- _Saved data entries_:
Start of Block

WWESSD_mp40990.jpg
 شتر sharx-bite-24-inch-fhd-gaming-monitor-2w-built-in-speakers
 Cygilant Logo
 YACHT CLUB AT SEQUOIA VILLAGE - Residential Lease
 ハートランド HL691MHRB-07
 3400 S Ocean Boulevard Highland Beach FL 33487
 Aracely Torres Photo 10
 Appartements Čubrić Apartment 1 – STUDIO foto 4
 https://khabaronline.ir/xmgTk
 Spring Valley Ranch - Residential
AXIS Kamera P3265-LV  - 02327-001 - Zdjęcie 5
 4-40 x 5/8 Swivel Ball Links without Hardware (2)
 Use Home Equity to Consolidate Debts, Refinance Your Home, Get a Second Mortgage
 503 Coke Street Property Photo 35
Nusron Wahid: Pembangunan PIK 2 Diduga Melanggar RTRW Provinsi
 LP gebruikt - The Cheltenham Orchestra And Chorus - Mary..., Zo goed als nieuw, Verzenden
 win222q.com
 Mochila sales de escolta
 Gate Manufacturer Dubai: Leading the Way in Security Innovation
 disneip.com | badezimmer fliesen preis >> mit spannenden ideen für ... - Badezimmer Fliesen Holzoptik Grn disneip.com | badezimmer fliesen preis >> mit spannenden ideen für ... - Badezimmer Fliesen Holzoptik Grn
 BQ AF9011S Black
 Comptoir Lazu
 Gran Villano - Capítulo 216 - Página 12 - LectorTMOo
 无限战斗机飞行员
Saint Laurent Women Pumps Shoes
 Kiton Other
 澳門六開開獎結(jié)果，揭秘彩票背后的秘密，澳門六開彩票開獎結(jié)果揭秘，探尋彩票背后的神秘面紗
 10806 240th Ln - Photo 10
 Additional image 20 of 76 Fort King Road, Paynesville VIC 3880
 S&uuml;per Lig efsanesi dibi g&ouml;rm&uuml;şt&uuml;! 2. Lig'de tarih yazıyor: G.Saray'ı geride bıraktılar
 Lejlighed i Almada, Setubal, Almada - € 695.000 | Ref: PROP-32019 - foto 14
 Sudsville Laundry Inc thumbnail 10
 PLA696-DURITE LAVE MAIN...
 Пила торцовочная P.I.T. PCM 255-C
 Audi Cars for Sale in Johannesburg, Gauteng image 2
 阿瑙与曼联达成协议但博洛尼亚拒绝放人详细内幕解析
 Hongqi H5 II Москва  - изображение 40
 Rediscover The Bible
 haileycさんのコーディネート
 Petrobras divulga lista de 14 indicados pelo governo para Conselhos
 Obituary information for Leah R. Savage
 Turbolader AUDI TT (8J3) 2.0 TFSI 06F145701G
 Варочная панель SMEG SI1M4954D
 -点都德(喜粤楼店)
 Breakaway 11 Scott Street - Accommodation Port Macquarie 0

End of Block

- _Required work_:
Reproduce verbatim the lines above, from the line with "Nusron Wahid: Pembangunan" through the line with "PLA696-DURITE LAVE MAIN...".

- _Task output_:
Nusron Wahid: Pembangunan PIK 2 Diduga Melanggar RTRW Provinsi
 LP gebruikt - The Cheltenham Orchestra And Chorus - Mary..., Zo goed als nieuw, Verzenden
 win222q.com
 Mochila sales de escolta
 Gate Manufacturer Dubai: Leading the Way in Security Innovation
 disneip.com | badezimmer fliesen preis >> mit spannenden ideen für ... - Badezimmer Fliesen Holzoptik Grn disneip.com | badezimmer fliesen preis >> mit spannenden ideen für ... - Badezimmer Fliesen Holzoptik Grn
 BQ AF9011S Black
 Comptoir Lazu
 Gran Villano - Capítulo 216 - Página 12 - LectorTMOo
 无限战斗机飞行员
Saint Laurent Women Pumps Shoes
 Kiton Other
 澳門六開開獎結(jié)果，揭秘彩票背后的秘密，澳門六開彩票開獎結(jié)果揭秘，探尋彩票背后的神秘面紗
 10806 240th Ln - Photo 10
 Additional image 20 of 76 Fort King Road, Paynesville VIC 3880
 S&uuml;per Lig efsanesi dibi g&ouml;rm&uuml;şt&uuml;! 2. Lig'de tarih yazıyor: G.Saray'ı geride bıraktılar
 Lejlighed i Almada, Setubal, Almada - € 695.000 | Ref: PROP-32019 - foto 14
 Sudsville Laundry Inc thumbnail 10
 PLA696-DURITE LAVE MAIN...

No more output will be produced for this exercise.